— Problem details —
Skip the pictures. Transcribe the rest of the data below without changing a word.

— Collected data —
================================

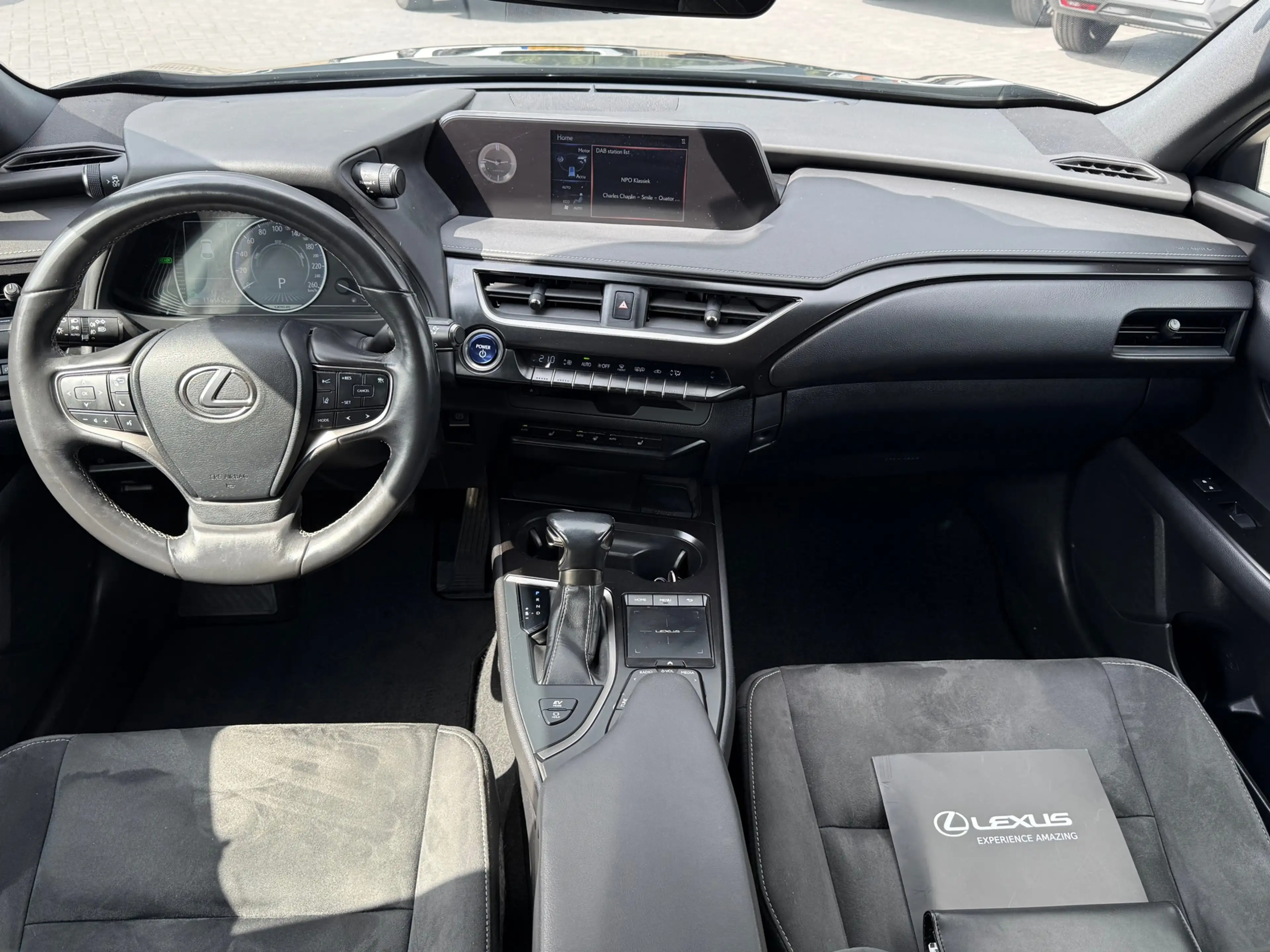 Lexus UX 250h Business Line ADAPTCRUISE CARPLAY/ANDROID DEALER O — photo 13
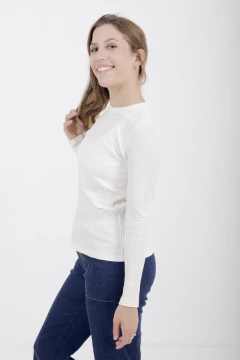 REMERA O ML - TEE BASICS.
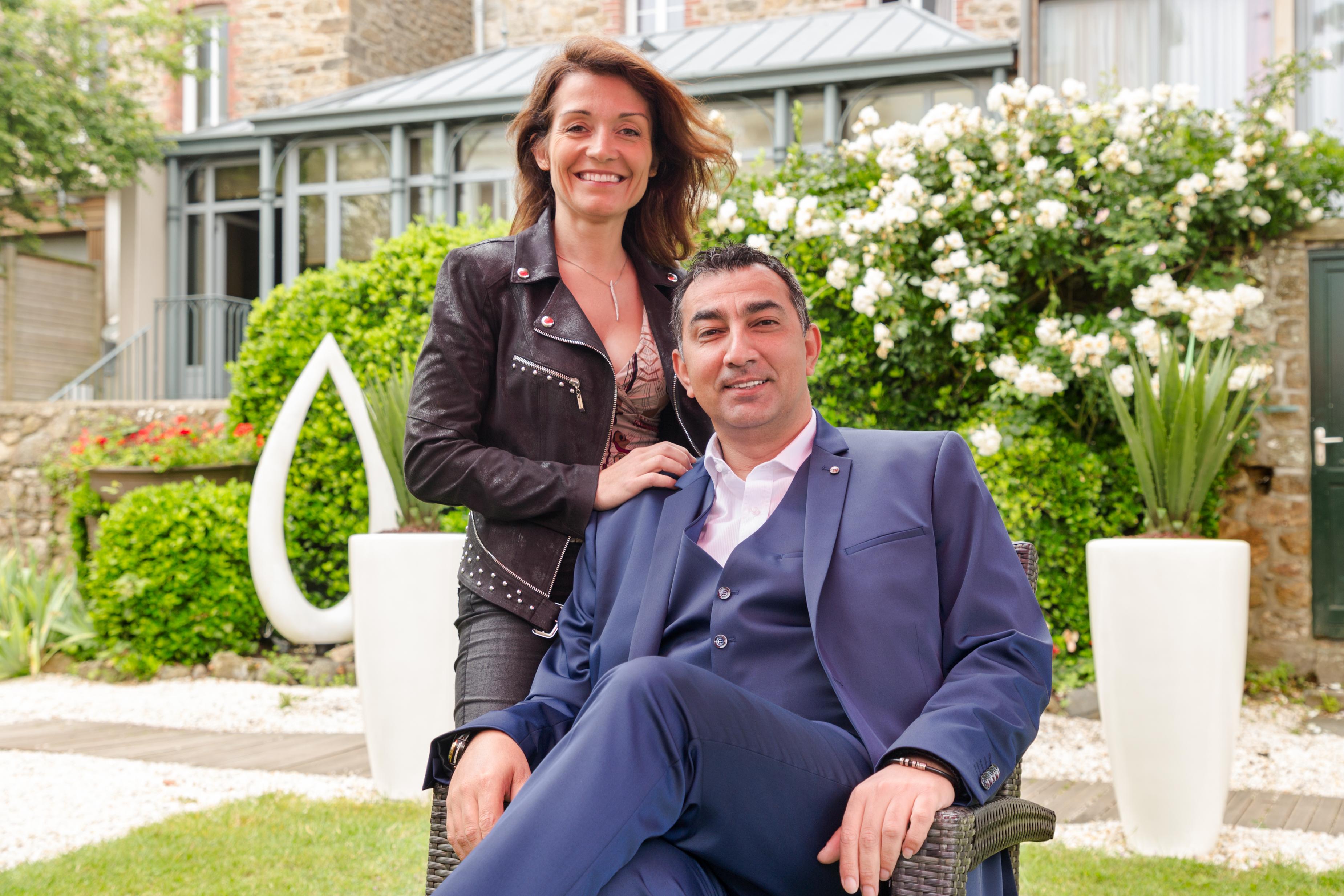 Grand De Courtoisville - Piscine & Spa, The Originals Relais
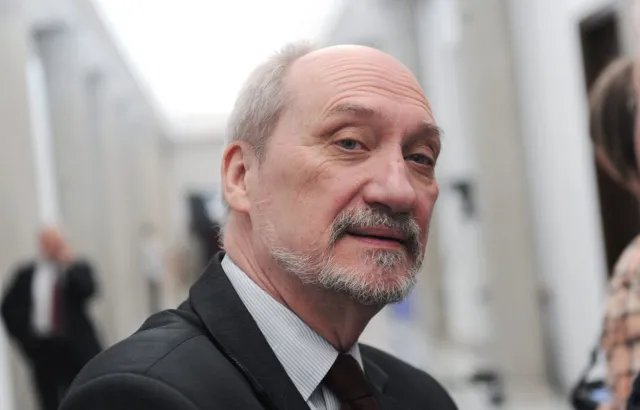 Macierewicz: To nagonka. Próbowano dokonać papierowego zabójstwa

================================

— Reply to the exercise —
 Lexus UX 250h Business Line ADAPTCRUISE CARPLAY/ANDROID DEALER O — photo 13
 REMERA O ML - TEE BASICS.
 Grand De Courtoisville - Piscine & Spa, The Originals Relais
 Macierewicz: To nagonka. Próbowano dokonać papierowego zabójstwa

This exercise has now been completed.